Nous marchons aujourd’hui très au large. Le soleil est couvert d’épais nuages noirs, la mer est vilaine et sombre, le bateau tangue de nouveau, ce qui me donne un malaise indescriptible, sans être malade, mais ce mouvement lent et continu de la proue à la poupe ne m’enchante pas.
Je suis au salon avec mon camarade, le curé erre comme une âme en peine, ne sachant où se mettre pour chasser ce mal imaginaire qu’il ne peut surmonter.

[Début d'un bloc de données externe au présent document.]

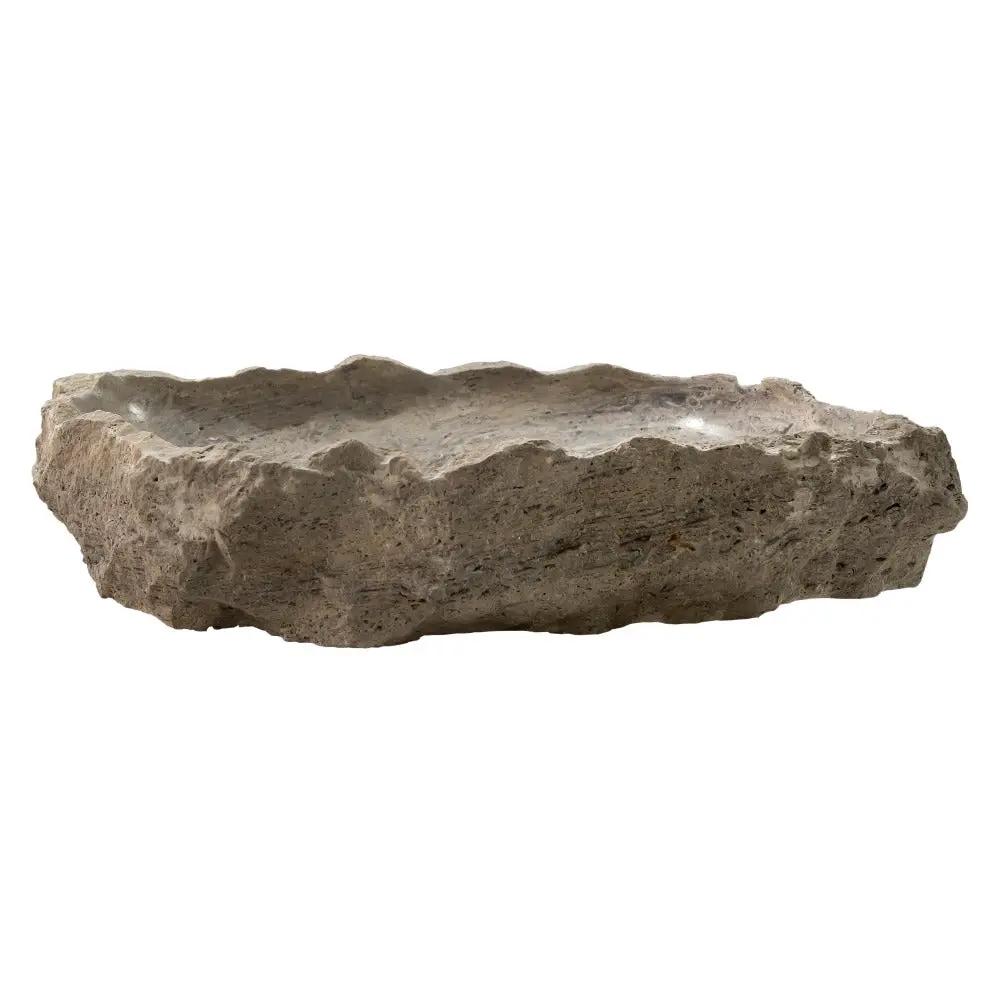 Hand Chiseled Travertine Vessel Sink 16x26 Gray For Bathroom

Je me réjouis d’être à demain où nous arriverons à Konakry en Guinée française. Nous sommes maintenant au large de Rio Nunez.

Mercredi 31 juillet

Quel beau coup d’œil ce matin à mon réveil. Nous sommes à un mille des Iles de Los, véritable décor de féerie ; de superbes forêts de palmiers, baobabs, bananiers, bambous géants, c’est la véritable Afrique, celle de mes rêves, dans toute sa beauté. Les côtes Marocaines, la Mauritanie, le Sénégal, brousse rôtie au milieu du désert sablonneux, misère devant cette richesse de végétation équatoriale, Konakry, sur le continent, derrière les îles de Los, à l’extrémité d’un cap se distingue déjà au milieu d’une végétation luxuriante. Notre vapeur obligé d’ancrer au large, à cause de la marée et c’est en chaloupe que nous gagnons la rive et le quai. Nous parcourons la ville en tous sens, elle est très étendue et sillonnée d’avenues ombragées par des manguiers dont les fruits délicieux nous tentent, des cocotiers, bananiers et des massifs de bambous. Les indigènes de couleur moins sombre que les Sénégalais sont de race Oussou, plus disciplinés et plus laborieux, somme aussi plus faciles et moins arrogants que leurs frères du Sénégal.
En ville, les Européens voyagent dans de confortables petites voiturettes aux roues caoutchoutées appelées pousse-pousse, tirées par des trotteurs nègres, les chevaux ne vivant pas dans cette région infestée par la mouche tsé-tsé. Sur le marché nous trouvons une quantité de fruits : ananas, mangues, bananes, goyaves, noix de coco, papayes et beaucoup d’autres, des légumes du pays : le manioc, dont on fait le tapioca, des aubergines, du piment et des quantités de poissons frais ou fumés.
Konakry est la capitale de la Guinée française siège du gouvernement, des administrateurs et des principaux commerçants. Mais l’heure du départ approche et à six heures par une épouvantable tornade nous quittons le port à destination de Monrovia, capitale de la république nègre de Libéria.